Сказать, что Павел поместил «центр тяжести жизни в „мир иной“ — в Ничто», и тем самым «отнял у нее центр тяжести вообще» (Там же, 43), значит заявить нечто противоположное учению апостола, для которого жизнь берет верх над смертью здесь и теперь, и жить утверждая, то есть по духу, а не негативно, по плоти, которая есть мысль о смерти, мы можем только здесь и теперь. Воскресение для Павла есть начало того, что центр тяжести жизни находится в жизни, ибо ранее, будучи помещенным в Законе, он вел к поглощению жизни смертью.

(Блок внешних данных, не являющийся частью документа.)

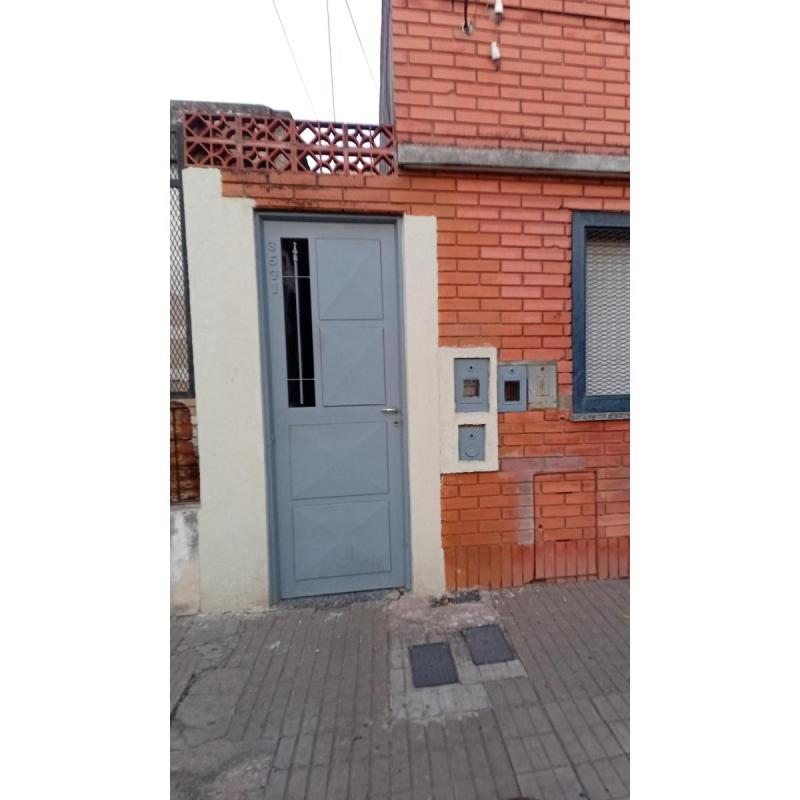 Vendo/Permuta/Departamento De Pasillo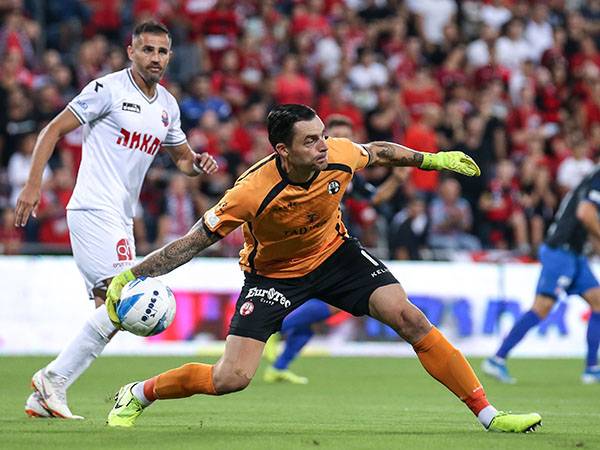 שטקוס. חזר לעמוד בין הקורות (מאור אלקסלסי)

Все дело в том, что Ницше питает истинную ненависть к универсализму. Нельзя сказать, что всегда: этот святой безумец был жесточайшим живым противоречием, расколовшим его надвое. Но эта ненависть видна, когда он говорит о Павле: «Самую отраву вероучения — „равные права для всех“ — христианство сеяло наиболее последовательно» (Там же, 43). Когда речь заходит о Боге, Ницше восхваляет самый крайний партикуляризм, откровенный коммунитаристский расизм: «Когда-то он представлял собою народ, силу народа, все агрессивное, все жаждущее власти в душе народа… Либо ты воплощаешь волю к власти и остаешься божеством племени, народа, либо ты воплощаешь бессилие к власти…» (Там же, 16). Остававшийся в этом отношении германским «мифологом» (в том смысле, который этому термину придает Лаку-Лабарт), Ницше не мог простить Павлу не то, что тот якобы желал все обратить в ничто, но то, что Павел избавил нас от мрачных «народных» богов и создал теорию универсального субъекта, который, как это удачно (пусть и с отвращением) заметил Ницше, восстает «против всего, что стоит и высится».

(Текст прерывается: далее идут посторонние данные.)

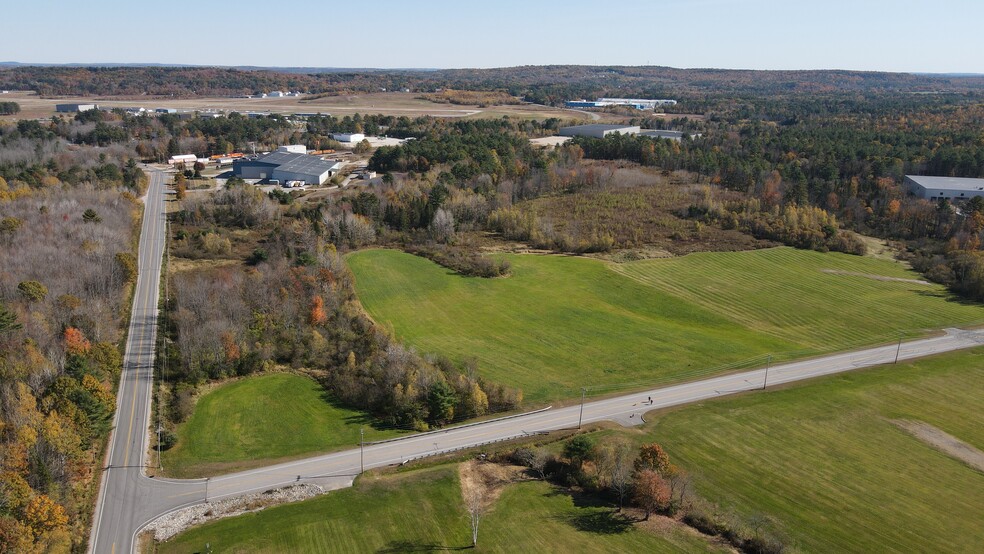 586 Lewiston Junction Rd, Auburn, ME for sale - Building Photo - Image 2 of 13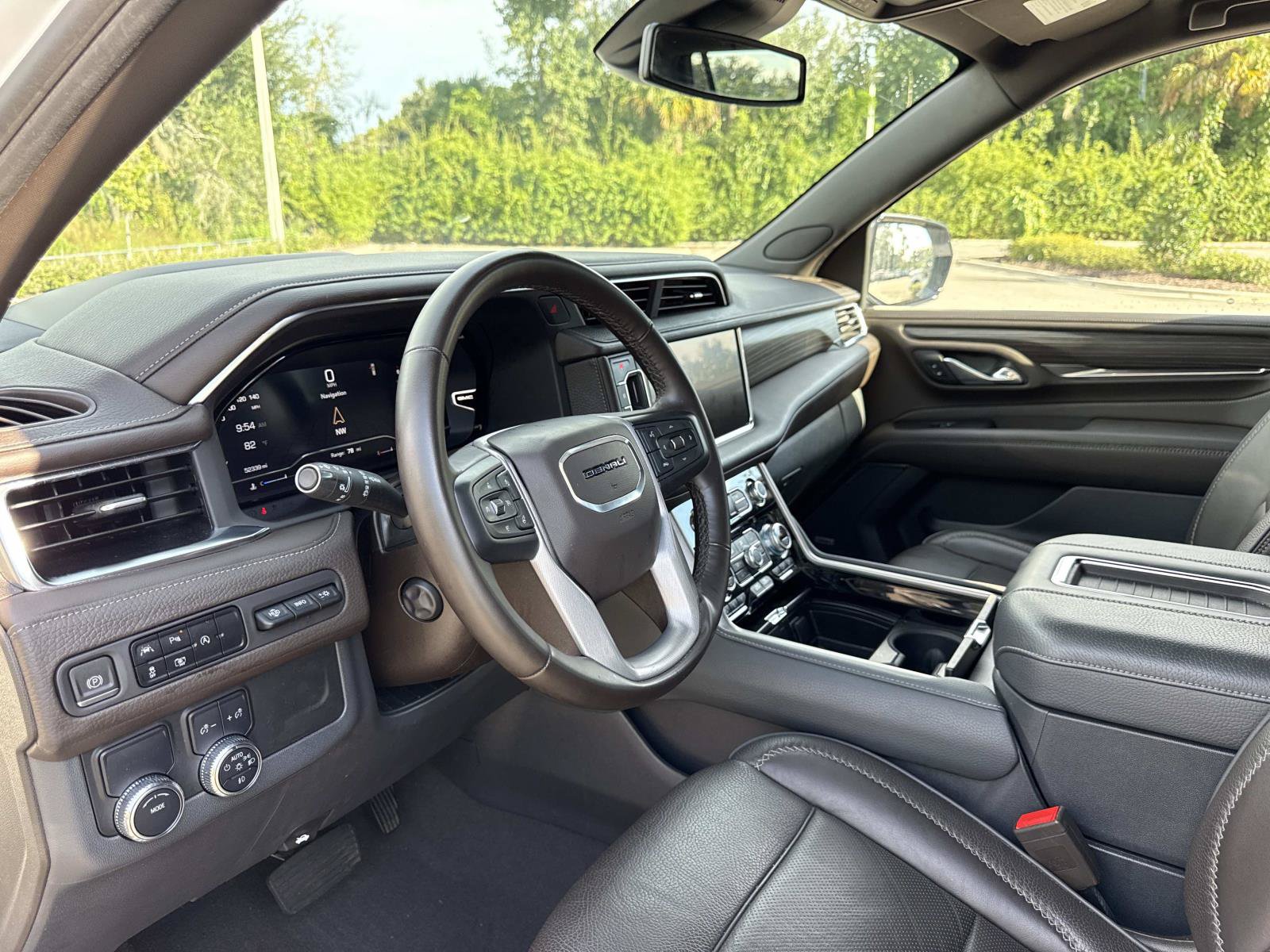 Used 2023 GMC Yukon Denali RWD image 22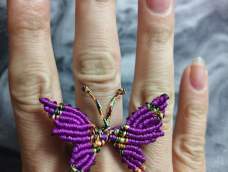 我终于也有蝴蝶戒指了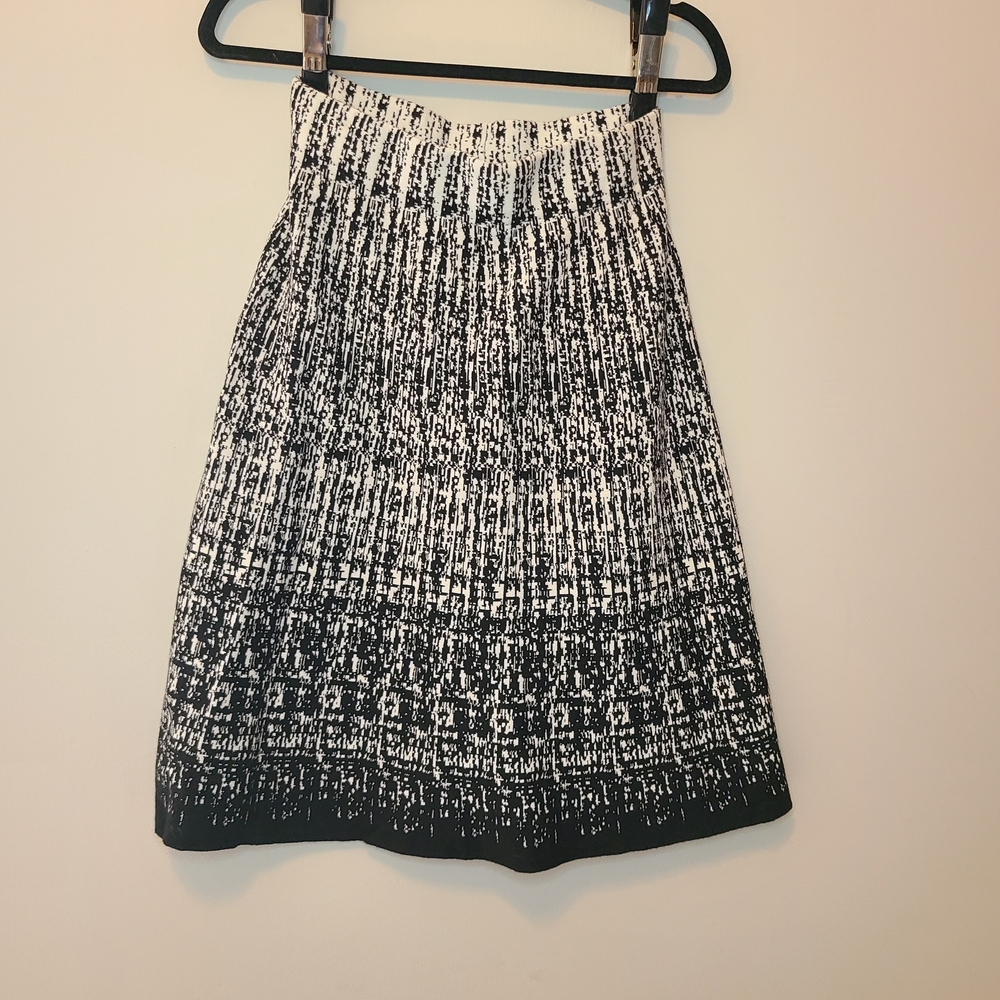 Roz & Ali Black White Graphic Print A-Line Flare Skirt | XS | Office Workwear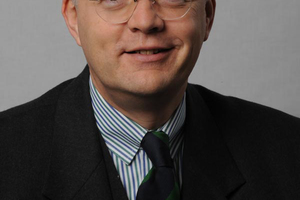  Mag. Helmut-Dieter Kus 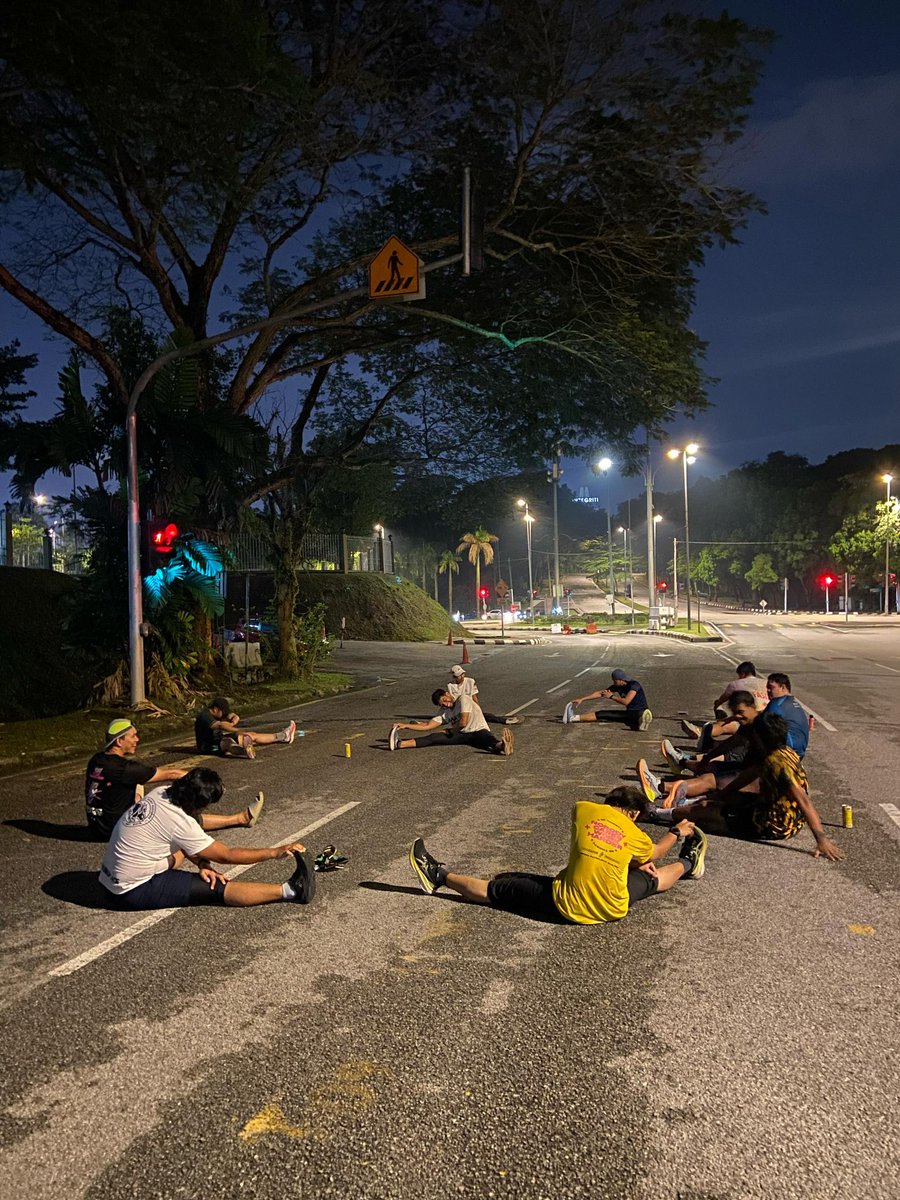 nakedspiritrun's tweet photo. Hope everyone enjoyed the sharing session we had with our great and smug 100km finisher, @hazimradzi last night. 

Have a good weekend ahead and be sure to tag us in your long weekend adventures, we’d like to see how sweaty your 3-days break will be! #runwithoutlimits https://t.co/ppYlnzGq9E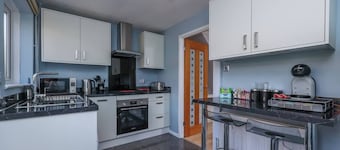 2 bed house, Barton Green, Clifton, Nottingham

Кстати, выставляя против Павла «историческую истину», Ницше не соотносит должным образом проповедь апостола с каноном евангельских повествований. Он не учитывает того, что эти рассказы, по которым он хотел бы расшифровать «психологию Искупителя» (Будды декаданса, сторонника мирной и пустой жизни, «последнего человека»), были написаны и собраны много позже того, как Павел четко уловил единственный избыточный в этом «буддийском» строении момент — воскресение.
Необходимо постоянно учитывать временной разрыв между синоптическими Евангелиями с их назидательными анекдотами и посланиями Павла с напряженной революционной вестью о расколотой надвое истории духа. Евангелия написаны не менее двадцати лет спустя. Вся ткань повествования является иной. Событие не есть обучение, а Христос не учитель — у него не может быть учеников. Конечно, Иисус — «Господь» (kurios), а Павел у него «слуга» (doulos). Но именно Христос-событие учреждает над грядущими временами власть нового субъективного пути. А то, что мы должны служить процессу истины, не нужно путать с рабством; из него все мы навеки вышли, став сыновьями. Отношение «Господа» и «слуги» целиком отлично от отношений учителя и ученика, владельца и раба. Оно не является ни отношением личной зависимости, ни зависимости легальной. Речь идет о сообществе предназначения в тот момент, когда мы должны стать «новым творением». Вот почему от Христа мы получаем лишь то, что требуется этим предназначением, и удержанное нами безразлично частностям личной жизни: Иисус воскрес, а все остальное не в счет, так как Иисус подобен некой анонимной переменной — «некто» без предикатов, целиком поглощенный своим воскресением.